Recent observations from users and now researchers suggest that ChatGPT, the renowned artificial intelligence (AI) model developed by OpenAI, may be showing signs of performance degradation. However, the reasons behind these observed changes remain a matter of debate and speculation.
Last week, a study emerged from a collaboration between Stanford University and UC Berkeley, published in the ArXiv preprint archive, and revealed noticeable differences in the responses of GPT-4 and its predecessor, GPT-3.5, over a period of a few months since the initial debut on March 13.
A decrease in accurate answers
One of the most notable findings was GPT-4’s reduced accuracy when answering complex math questions. For example, while the model showed a high success rate (97.6 percent) when answering questions about large-scale prime numbers in March, the accuracy in answering that same prompt correctly plummeted to just 2.4 percent in June.
The study also pointed out that while older versions of the bot provided detailed explanations for their answers, the latest iterations seemed more restrained, often skipping step-by-step solutions even when explicitly requested. Interestingly, during the same period, GPT-3.5 showed improved capabilities in tackling basic math problems, though it still struggled with more complicated code generation tasks.

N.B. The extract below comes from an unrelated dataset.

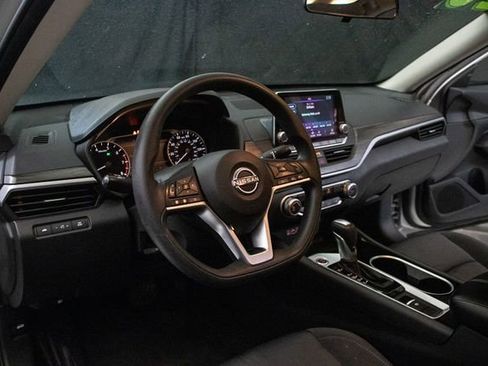 Used 2024 Nissan Altima 2.5 SV AWD/4WD image 23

These findings have sparked online debate on the topic, particularly among regular ChatGPT users who have long wondered if the program could be “neutered.” Many have taken to platforms like Reddit to share their experiences, with some speculating whether GPT-4’s performance is really deteriorating or whether users are gaining more insight into the system’s inherent limitations. Some users reported instances where the AI didn’t restructure the text as requested, opting instead for fictional stories. Others highlighted the model’s struggles with basic problem-solving tasks, which include both math and coding.
Changes in coding ability, speculation and more
The research team also dug into GPT-4’s coding capabilities, which seemed to have declined. When the model was tested against statements from the online learning platform LeetCode, only 10 percent of the generated code met the platform’s guidelines. This represented a significant drop from a 50 percent success rate observed in March.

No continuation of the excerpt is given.